Donald W. Smith (born December 7, 1990) is an American retired soccer player who played as a left back for the New England Revolution of MLS and the Charlotte Independence of the USL Championship.

==Career==

===Charlotte 49ers===
Smith attended Charlotte Catholic High School in Charlotte, North Carolina before playing at UNC-Charlotte. As a four-year player at Charlotte, Smith scored 18 goals with 10 assists in 82 appearances (45 starts) for the 49ers. From 2010 to 2012, Smith was named to the Atlantic-10 All-Conference team and in 2012 was named the Conference Midfielder of the Year. In 2011, Smith helped propel Charlotte to a runner-up finish in the NCAA Division I Men's Soccer Championship. He was named to the College Cup All-Tournament team after playing a key role in the 49ers run to the College Cup Championship game.
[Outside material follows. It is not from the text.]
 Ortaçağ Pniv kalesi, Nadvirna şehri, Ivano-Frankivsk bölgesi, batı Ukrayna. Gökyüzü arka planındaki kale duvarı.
===New England Revolution===
Smith was selected as the first pick in the 2nd round of the 2013 MLS SuperDraft and 21st pick overall by the New England Revolution on January 17, 2013. On March 9, 2013, Smith officially made his Major League Soccer debut for the Revolution in their match against the Chicago Fire.
Re-signed with the Revs on January 13, 2014.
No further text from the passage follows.